Secondary Outcome Measures :
  1. Plasma Concentrations of GSK233705 [ Time Frame: Day 1 and 7 morning: pre-dose, 5, 15 minutes, 1, 6 and 12 hours post-dose and Day 1 and 7 evening: pre-dose, 5 and 30 post-dose ]
    Blood samples were collected at indicated time points. 12 hour pharmacokinetic (PK) sampling was before evening dose.

  2. Urine Concentrations of GSK233705 [ Time Frame: Day 1 and 7 throughout 24 hours ]
    Urine GSK233705 pharmacokinetic excretion rate-time data is presented. Urine samples were collected throughout study and consolidated data is presented as 0-12 hours and 12-24 hours. 12 hour pharmacokinetic sampling was before evening dose.

  3. Derived Plasma PK Parameters-area Under the Plasma Concentration-time Curve Over the Dosing Interval (AUC0-tau) [ Time Frame: Day 1 and 7 morning: pre-dose, 5, 15 minutes, 1, 6 and 12 hours post-dose and Day 1 and 7 evening: pre-dose, 5 and 30 post-dose ]
    Blood samples were collected at indicated time points. 12 hour PK sampling was before evening dose. Data presented for morning samples.

  4. Derived Plasma PK Parameters-area Under Concentration-time Curve From Time 0 to Time of Last Quantifiable Concentration (AUC0-t) [ Time Frame: Day 1 and 7 morning: pre-dose, 5, 15 minutes, 1, 6 and 12 hours post-dose and Day 1 and 7 evening: pre-dose, 5 and 30 post-dose ]
    Blood samples were collected at indicated time points. 12 hour PK sampling was before evening dose. Data presented for morning sample as adjusted geometric mean.

  5. Derived PK Plasma Parameters-area Under Concentration-maximum Observed Plasma Concentration (Cmax) [ Time Frame: Day 1 and 7 morning: pre-dose, 5, 15 minutes, 1, 6 and 12 hours post-dose and Day 1 and 7 evening: pre-dose, 5 and 30 post-dose ]
    Blood samples were collected at indicated time points. 12 hour PK sampling was before evening dose. Data presented for morning and evening samples as adjusted geometric mean.

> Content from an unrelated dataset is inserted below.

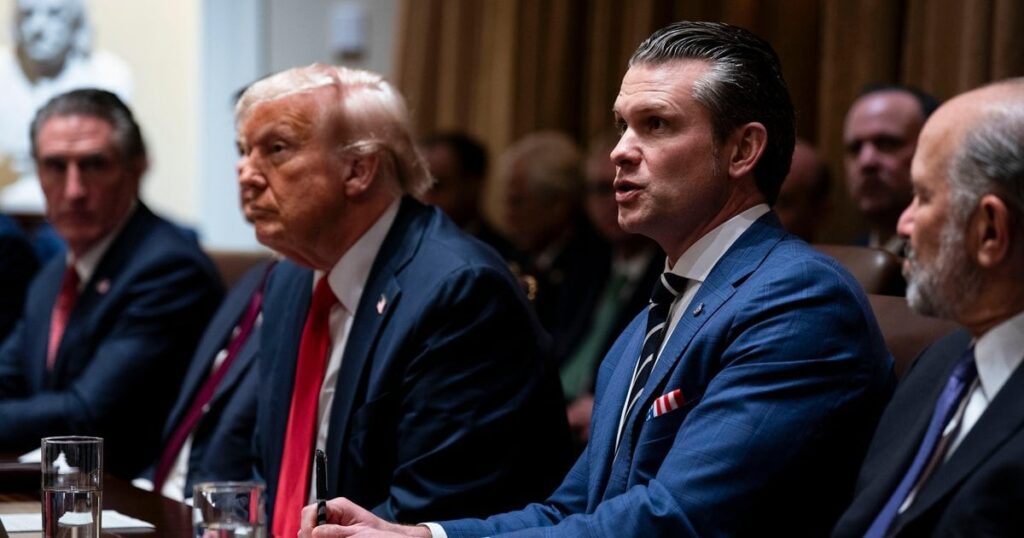 裁判官は、軍隊からトランスジェンダーの人々を除いてトランプの大統領命令をブロックします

  6. Derived PK Plasma Parameters-area Under Concentration-time of Maximum Observed Plasma Concentration (T-max), Half-life (T-half) and Last Time Point Where the Concentration is Above the Limit of Quantification (T-last) [ Time Frame: Day 1 and 7 morning: pre-dose, 5, 15 minutes, 1, 6 and 12 hours post-dose and Day 1 and 7 evening: pre-dose, 5 and 30 post-dose ]
    Blood samples were collected at indicated time points. 12 hour PK sampling was before evening dose. Data presented for morning and evening samples.

  7. Derived Urine Pharmacokinetic (PK) Parameters-area Under the Plasma Concentration-amount of Drug Excreted Unchanged in Urine (Ae) [ Time Frame: Day 1 and 7 throughout 24 hours ]
    Urine GSK233705 pharmacokinetic excretion rate-time data is presented. Urine samples were collected throughout study and consolidated data presented as AM dose and PM dose. 12 hour pharmacokinetic sampling was before evening dose.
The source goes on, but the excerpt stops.